● Task input
*****

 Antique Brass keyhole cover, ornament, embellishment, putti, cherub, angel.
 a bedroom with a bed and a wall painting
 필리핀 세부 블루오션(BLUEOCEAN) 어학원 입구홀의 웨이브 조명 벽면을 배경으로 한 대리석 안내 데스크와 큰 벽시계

*****

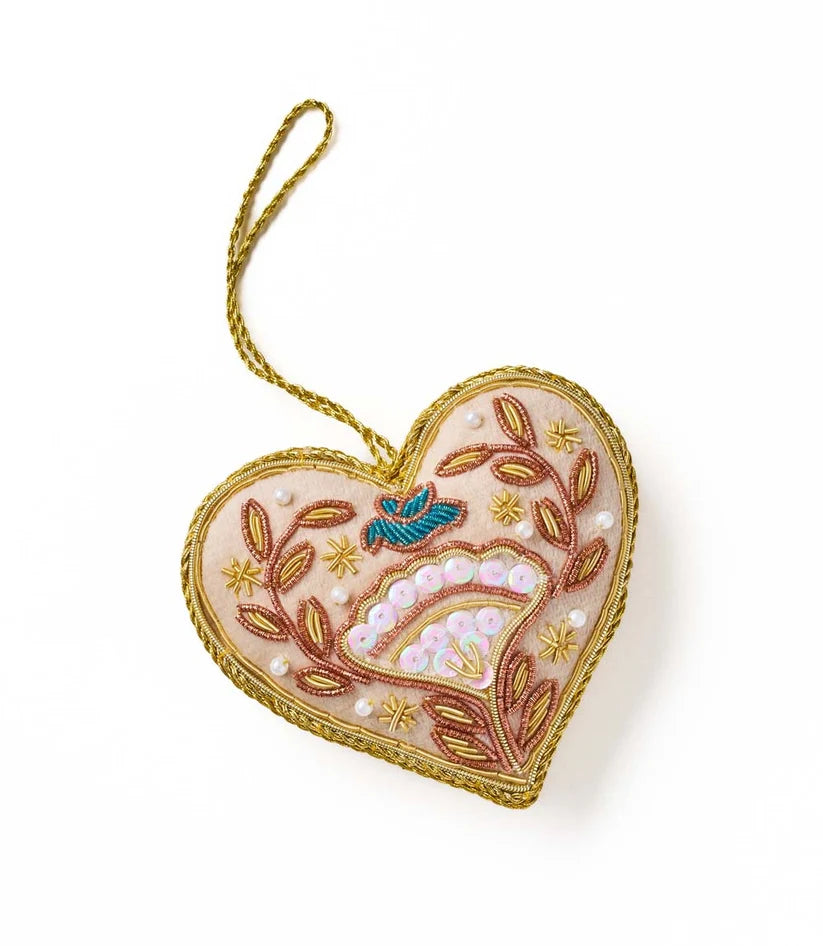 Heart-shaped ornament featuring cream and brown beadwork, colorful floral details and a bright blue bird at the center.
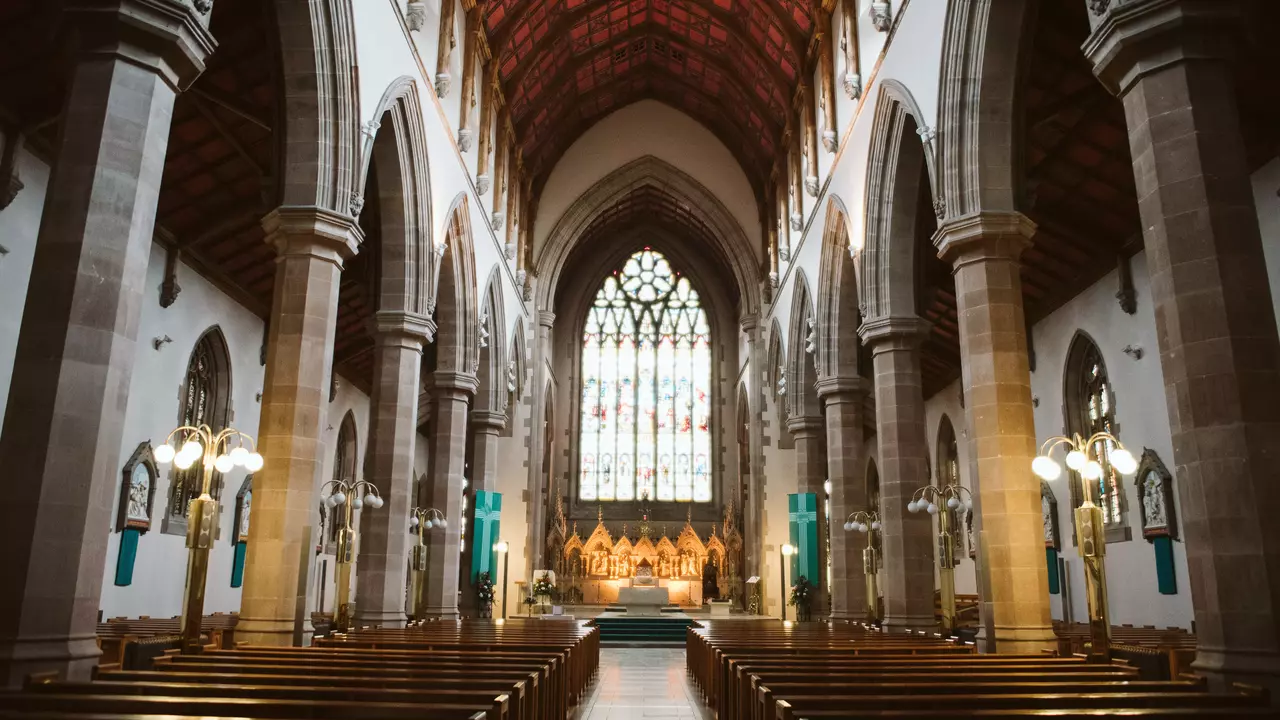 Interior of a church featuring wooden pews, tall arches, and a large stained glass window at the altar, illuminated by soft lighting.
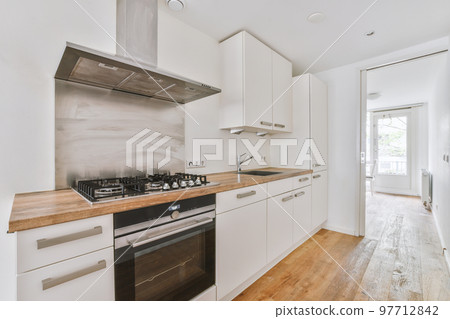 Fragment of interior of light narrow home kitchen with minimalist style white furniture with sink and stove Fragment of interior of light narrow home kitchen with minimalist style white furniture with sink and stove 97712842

*****

● What to produce
Take the records above and return, word for word, only the lines that fall from the line with "Antique Brass keyhole" to the line with "필리핀 세부 블루오션(BLUEOCEAN)", both of them included.

● Written solution
 Antique Brass keyhole cover, ornament, embellishment, putti, cherub, angel.
 a bedroom with a bed and a wall painting
 필리핀 세부 블루오션(BLUEOCEAN) 어학원 입구홀의 웨이브 조명 벽면을 배경으로 한 대리석 안내 데스크와 큰 벽시계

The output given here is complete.